__Directions for this task__
Do any lines in the data below contain "metros"? If so, copy every one of them.

(Web page caption snippets)
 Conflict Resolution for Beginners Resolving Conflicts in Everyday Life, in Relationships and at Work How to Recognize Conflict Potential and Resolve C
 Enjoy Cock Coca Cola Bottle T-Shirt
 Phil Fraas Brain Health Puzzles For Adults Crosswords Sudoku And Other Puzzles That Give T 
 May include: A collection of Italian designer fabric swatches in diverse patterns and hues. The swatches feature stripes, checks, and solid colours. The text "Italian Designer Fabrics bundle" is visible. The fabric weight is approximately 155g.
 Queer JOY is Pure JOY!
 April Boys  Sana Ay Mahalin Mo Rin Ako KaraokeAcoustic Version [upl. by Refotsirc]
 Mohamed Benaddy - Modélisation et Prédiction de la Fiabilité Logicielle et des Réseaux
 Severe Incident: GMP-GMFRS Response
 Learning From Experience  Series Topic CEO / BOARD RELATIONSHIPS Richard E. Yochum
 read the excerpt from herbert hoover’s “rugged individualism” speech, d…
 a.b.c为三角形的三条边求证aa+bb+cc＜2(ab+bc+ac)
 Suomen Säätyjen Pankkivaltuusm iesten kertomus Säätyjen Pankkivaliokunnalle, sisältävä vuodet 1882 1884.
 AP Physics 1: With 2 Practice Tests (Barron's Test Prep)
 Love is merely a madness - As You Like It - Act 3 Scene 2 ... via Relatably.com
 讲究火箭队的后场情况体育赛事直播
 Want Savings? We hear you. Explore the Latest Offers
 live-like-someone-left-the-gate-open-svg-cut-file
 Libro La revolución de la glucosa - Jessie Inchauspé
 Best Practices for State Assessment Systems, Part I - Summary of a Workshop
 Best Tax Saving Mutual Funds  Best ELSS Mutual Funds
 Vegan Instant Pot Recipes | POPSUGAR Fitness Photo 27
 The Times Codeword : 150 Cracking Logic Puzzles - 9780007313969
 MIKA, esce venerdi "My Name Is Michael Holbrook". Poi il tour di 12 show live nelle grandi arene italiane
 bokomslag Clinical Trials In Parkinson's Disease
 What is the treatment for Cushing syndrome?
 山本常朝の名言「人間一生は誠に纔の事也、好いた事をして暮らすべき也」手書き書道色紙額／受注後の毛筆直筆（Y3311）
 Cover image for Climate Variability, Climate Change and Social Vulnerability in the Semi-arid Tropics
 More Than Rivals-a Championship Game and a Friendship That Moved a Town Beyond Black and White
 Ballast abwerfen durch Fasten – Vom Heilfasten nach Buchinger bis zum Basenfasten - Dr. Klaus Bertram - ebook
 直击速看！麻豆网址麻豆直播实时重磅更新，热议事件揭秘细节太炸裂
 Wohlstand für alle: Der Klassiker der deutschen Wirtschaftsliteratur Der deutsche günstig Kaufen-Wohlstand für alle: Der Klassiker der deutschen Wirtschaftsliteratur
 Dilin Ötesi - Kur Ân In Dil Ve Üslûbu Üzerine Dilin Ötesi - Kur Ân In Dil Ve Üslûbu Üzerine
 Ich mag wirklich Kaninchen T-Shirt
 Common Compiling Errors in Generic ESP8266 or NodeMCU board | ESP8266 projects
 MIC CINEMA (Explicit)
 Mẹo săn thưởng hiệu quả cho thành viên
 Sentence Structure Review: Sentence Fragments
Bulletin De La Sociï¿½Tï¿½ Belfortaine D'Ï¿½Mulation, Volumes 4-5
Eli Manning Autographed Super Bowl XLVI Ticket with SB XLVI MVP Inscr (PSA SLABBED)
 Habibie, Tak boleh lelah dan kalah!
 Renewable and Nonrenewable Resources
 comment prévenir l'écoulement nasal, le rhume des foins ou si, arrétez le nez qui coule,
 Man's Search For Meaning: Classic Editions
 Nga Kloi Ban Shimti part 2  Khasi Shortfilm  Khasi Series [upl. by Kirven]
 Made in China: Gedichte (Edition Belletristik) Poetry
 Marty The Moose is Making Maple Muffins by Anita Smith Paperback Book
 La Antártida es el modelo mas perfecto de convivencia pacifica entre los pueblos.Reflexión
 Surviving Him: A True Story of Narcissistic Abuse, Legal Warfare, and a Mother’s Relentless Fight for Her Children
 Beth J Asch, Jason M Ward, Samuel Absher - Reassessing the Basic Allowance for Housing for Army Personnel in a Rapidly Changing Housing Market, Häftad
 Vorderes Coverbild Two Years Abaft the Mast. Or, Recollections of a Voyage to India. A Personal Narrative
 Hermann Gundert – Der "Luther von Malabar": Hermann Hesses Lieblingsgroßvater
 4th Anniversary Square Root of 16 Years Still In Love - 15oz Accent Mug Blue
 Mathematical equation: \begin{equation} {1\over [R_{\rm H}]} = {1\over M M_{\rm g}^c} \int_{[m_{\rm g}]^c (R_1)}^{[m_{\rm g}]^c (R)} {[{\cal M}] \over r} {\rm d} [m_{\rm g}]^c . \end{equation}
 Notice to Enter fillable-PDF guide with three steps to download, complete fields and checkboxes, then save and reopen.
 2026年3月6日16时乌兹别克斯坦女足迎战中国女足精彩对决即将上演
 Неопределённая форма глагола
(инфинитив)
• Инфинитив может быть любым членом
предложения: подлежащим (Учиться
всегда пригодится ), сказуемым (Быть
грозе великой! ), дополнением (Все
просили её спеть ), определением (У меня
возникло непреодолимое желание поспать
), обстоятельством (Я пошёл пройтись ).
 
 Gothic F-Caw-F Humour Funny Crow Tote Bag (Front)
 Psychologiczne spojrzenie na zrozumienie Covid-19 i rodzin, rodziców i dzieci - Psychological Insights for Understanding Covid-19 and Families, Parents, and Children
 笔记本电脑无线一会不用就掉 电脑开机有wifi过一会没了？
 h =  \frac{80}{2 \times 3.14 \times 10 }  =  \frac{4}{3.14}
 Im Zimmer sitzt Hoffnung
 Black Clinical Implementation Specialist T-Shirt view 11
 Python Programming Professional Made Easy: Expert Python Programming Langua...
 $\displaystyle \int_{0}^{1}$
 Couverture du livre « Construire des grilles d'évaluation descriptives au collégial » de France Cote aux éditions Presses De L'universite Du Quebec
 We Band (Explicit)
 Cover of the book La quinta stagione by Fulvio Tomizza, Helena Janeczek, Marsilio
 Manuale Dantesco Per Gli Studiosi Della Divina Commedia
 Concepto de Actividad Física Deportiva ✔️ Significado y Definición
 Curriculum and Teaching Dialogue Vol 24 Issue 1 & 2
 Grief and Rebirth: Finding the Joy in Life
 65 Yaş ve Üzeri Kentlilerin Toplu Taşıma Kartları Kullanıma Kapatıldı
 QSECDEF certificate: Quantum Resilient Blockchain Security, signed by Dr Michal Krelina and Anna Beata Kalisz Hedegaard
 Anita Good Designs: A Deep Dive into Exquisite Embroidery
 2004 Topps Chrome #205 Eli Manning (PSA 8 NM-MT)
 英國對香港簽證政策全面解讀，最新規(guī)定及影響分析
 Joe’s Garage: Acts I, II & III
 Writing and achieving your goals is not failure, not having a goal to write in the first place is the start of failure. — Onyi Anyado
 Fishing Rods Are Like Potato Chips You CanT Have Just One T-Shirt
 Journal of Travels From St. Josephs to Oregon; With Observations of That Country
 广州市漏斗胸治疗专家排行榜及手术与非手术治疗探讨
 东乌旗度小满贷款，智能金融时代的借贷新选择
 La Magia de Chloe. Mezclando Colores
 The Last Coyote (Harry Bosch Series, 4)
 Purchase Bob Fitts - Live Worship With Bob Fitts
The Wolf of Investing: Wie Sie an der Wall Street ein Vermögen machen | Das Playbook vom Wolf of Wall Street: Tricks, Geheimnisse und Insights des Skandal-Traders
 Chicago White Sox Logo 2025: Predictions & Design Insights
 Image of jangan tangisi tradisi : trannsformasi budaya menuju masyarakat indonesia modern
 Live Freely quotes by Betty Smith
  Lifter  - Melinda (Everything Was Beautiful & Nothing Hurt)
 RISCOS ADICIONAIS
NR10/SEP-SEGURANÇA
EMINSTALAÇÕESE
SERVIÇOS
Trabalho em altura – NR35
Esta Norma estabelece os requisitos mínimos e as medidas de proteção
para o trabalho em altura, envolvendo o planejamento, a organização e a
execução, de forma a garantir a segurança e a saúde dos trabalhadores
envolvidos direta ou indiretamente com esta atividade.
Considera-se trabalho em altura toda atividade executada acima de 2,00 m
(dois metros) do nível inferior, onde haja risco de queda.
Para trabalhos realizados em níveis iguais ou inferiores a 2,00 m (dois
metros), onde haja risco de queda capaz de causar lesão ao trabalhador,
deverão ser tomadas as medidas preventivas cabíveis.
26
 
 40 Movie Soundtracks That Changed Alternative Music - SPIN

__Solution to this problem__
(dois metros) do nível inferior, onde haja risco de queda.
metros), onde haja risco de queda capaz de causar lesão ao trabalhador,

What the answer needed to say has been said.